Here is an example of how dask objects can be tuned for better performance.

1.1 The Problem - Slow Saving#

We have ~300 PP files which we load as follows:

import iris
import glob

files = glob.glob("pp_files/*.pp")
cube = iris.load_cube(files, "mass_fraction_of_ozone_in_air")

Note that loading here may also be parallelised in a similar manner as described in 3. Dask Bags and Greedy Parallelism. Either way, the resulting cube looks as follows:

mass_fraction_of_ozone_in_air / (kg kg-1) (time: 276; model_level_number: 85; latitude: 144; longitude: 192)
     Dimension coordinates:
          time                                 x                        -             -               -
          model_level_number                   -                        x             -               -
          latitude                             -                        -             x               -
          longitude                            -                        -             -               x
     Auxiliary coordinates:
          forecast_period                      x                        -             -               -
          level_height                         -                        x             -               -
          sigma                                -                        x             -               -
     Scalar coordinates:
          forecast_reference_time: 1850-01-01 00:00:00
     Attributes:
          STASH: m01s34i001
          source: Data from Met Office Unified Model
          um_version: 10.9
     Cell methods:
          mean: time (1 hour)

The cube is then immediately saved as a netCDF file.

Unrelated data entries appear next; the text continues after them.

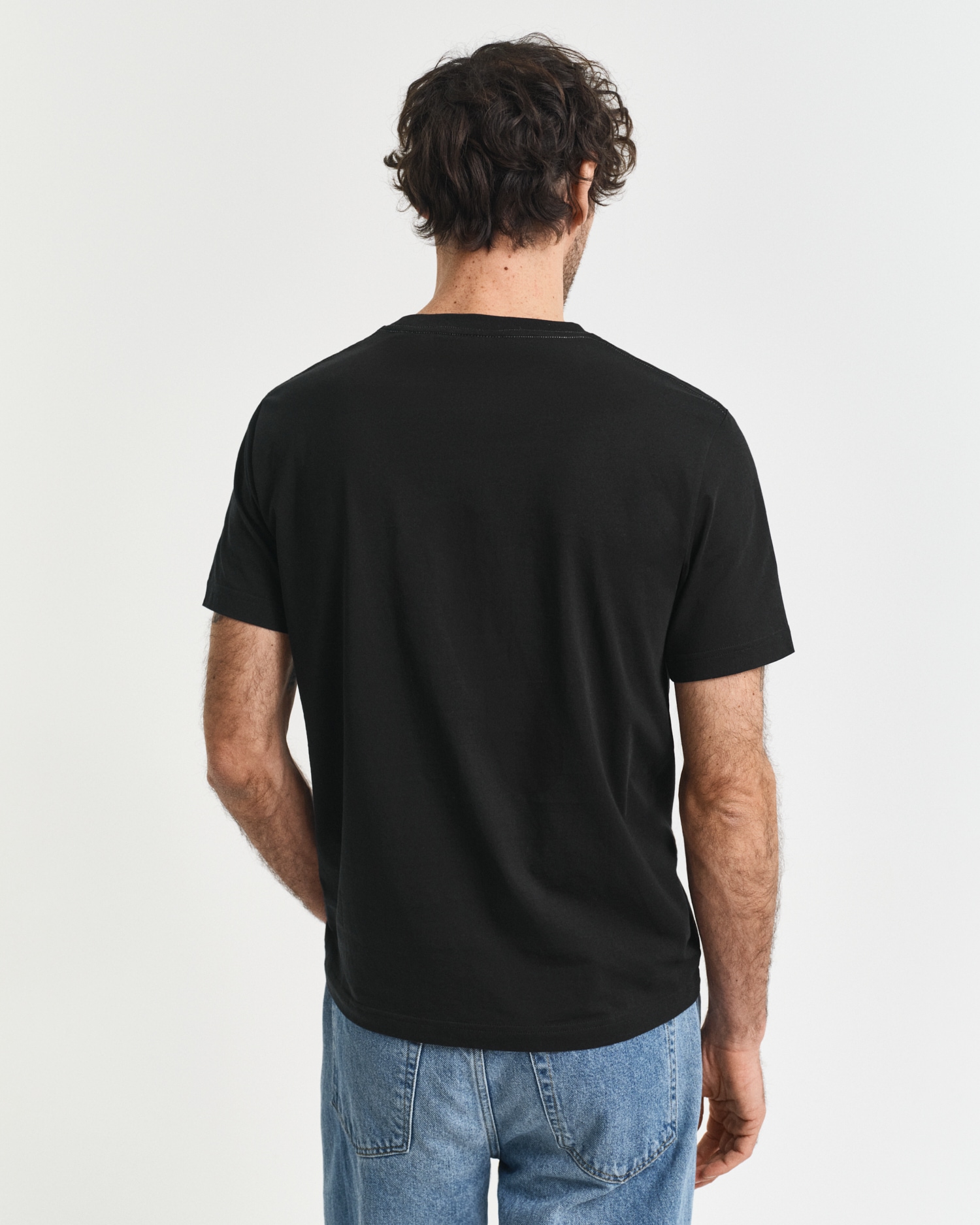 Gant T-Shirt »REG ARCHIVE SHIELD EMB SS T-SHIRT«, von dem Archiv aus den 1980er-Jahren inspiriert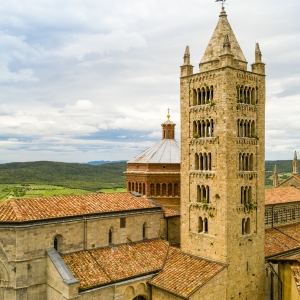 Cattedrale di San Cerbone, dettaglio dei tetti e del campanile - Massa Marittima - ENIT SpA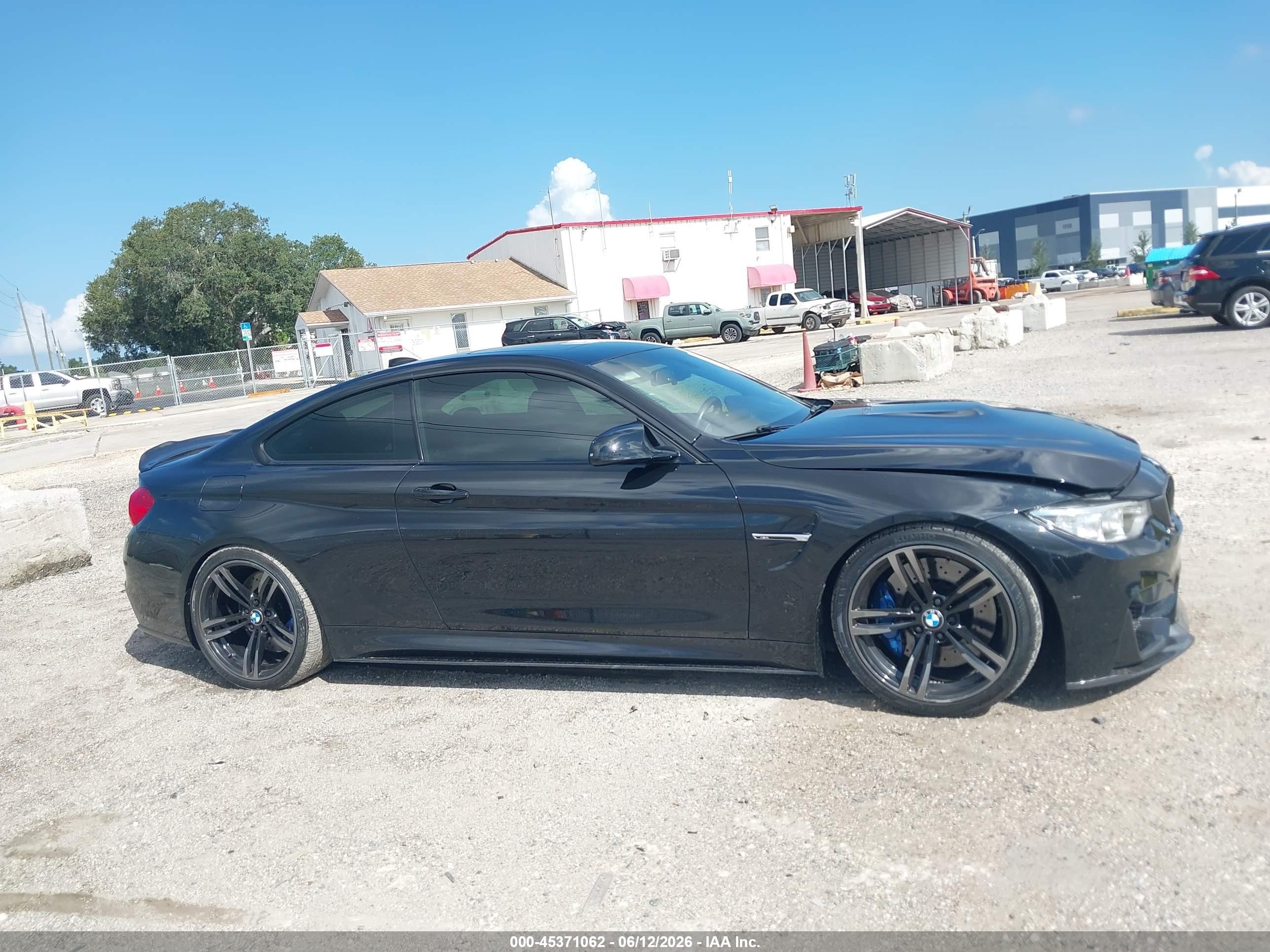 2015 Bmw M4   Black vin: WBS3R9C51FK334526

nc_chunks = [chunk[0] for chunk in cube.lazy_data().chunks]
iris.save(cube, "outfile.nc", nc_chunks)

This operation was taking longer than expected and we would like to improve performance. Note that when this cube is being saved, the data is still lazy, data is both read and written at the saving step and is done so in chunks. The way this data is divided into chunks can affect performance. By tweaking the way these chunks are structured it may be possible to improve performance when saving.

1.2 Rechunking#

We may inspect the cube’s lazy data before saving:

# We can access the cubes Dask array
lazy_data = cube.lazy_data()
# We can find the shape of the chunks
# Note that the chunksize of a Dask array is the shape of the chunk
# as a tuple.
print(lazy_data.chunksize)

Doing so, we find that the chunks currently have the shape:

(1, 1, 144, 192)

This is significantly smaller than the size which Dask recommends. Bear in mind that the ideal chunk size depends on the platform you are running on (for this example, the code is being run on a desktop with 8 CPUs). In this case, we have 23460 small chunks. We can reduce the number of chunks by rechunking before saving:

lazy_data = cube.lazy_data()
lazy_data = lazy_data.rechunk(1, 85, 144, 192)
cube.data = lazy_data

We now have 276 moderately sized chunks. When we try saving again, we find that it is approximately 4 times faster, saving in 2m13s rather than 10m33s.